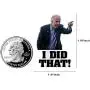I Did That Biden Stickers, 100Pcs 1.97x1.41 Inches Pointed to Your Right - Funny Sticker for Car Motorcycle Helmet Laptop Window (A)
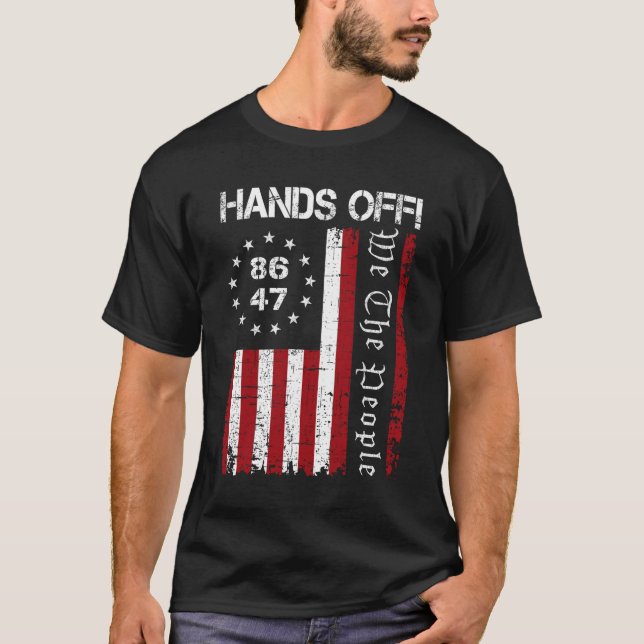 Camiseta 86 47 8647 Protesto Salvar Democracia (Frente)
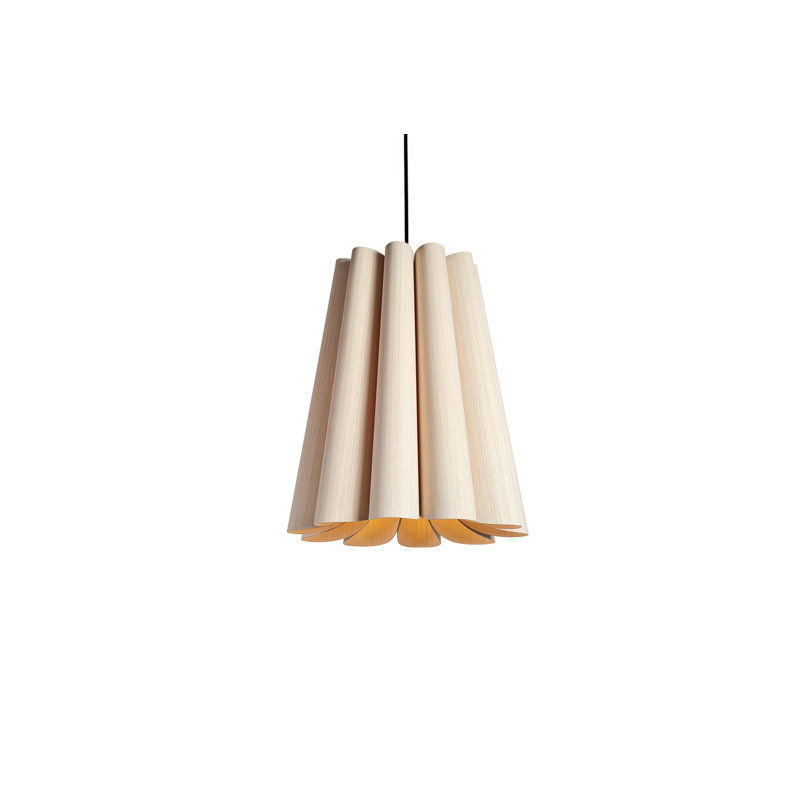 Luminaire suspendu 1 lumière Olivia, Cendres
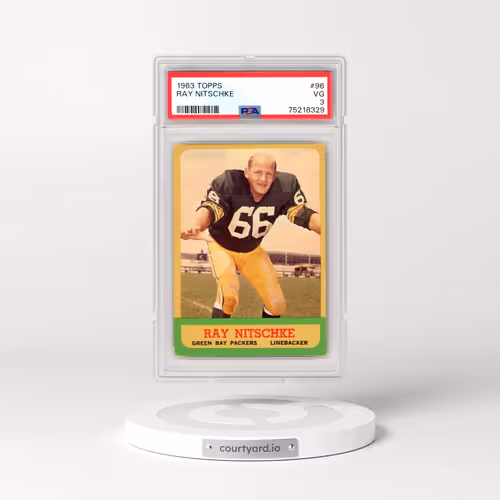 1963 Topps #96 Ray Nitschke (PSA 3 VG)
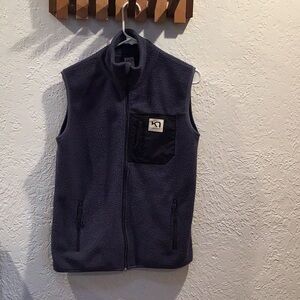 Blue Fleece Vest with Pocket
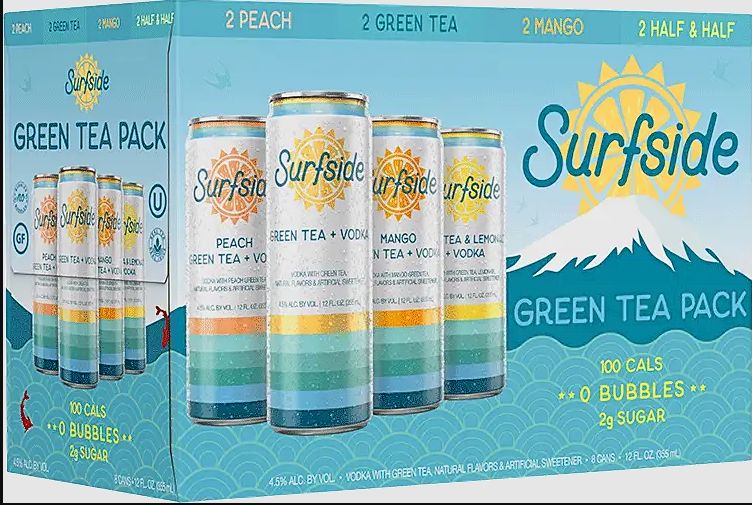SURFSIDE GREEN TEA VARIETY 8PK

____________________

### What you are asked to do
What you return must match the records exactly, apart from the images, which are omitted.

### Answer section
I Did That Biden Stickers, 100Pcs 1.97x1.41 Inches Pointed to Your Right - Funny Sticker for Car Motorcycle Helmet Laptop Window (A)
 Camiseta 86 47 8647 Protesto Salvar Democracia (Frente)
 Luminaire suspendu 1 lumière Olivia, Cendres
 1963 Topps #96 Ray Nitschke (PSA 3 VG)
 Blue Fleece Vest with Pocket
SURFSIDE GREEN TEA VARIETY 8PK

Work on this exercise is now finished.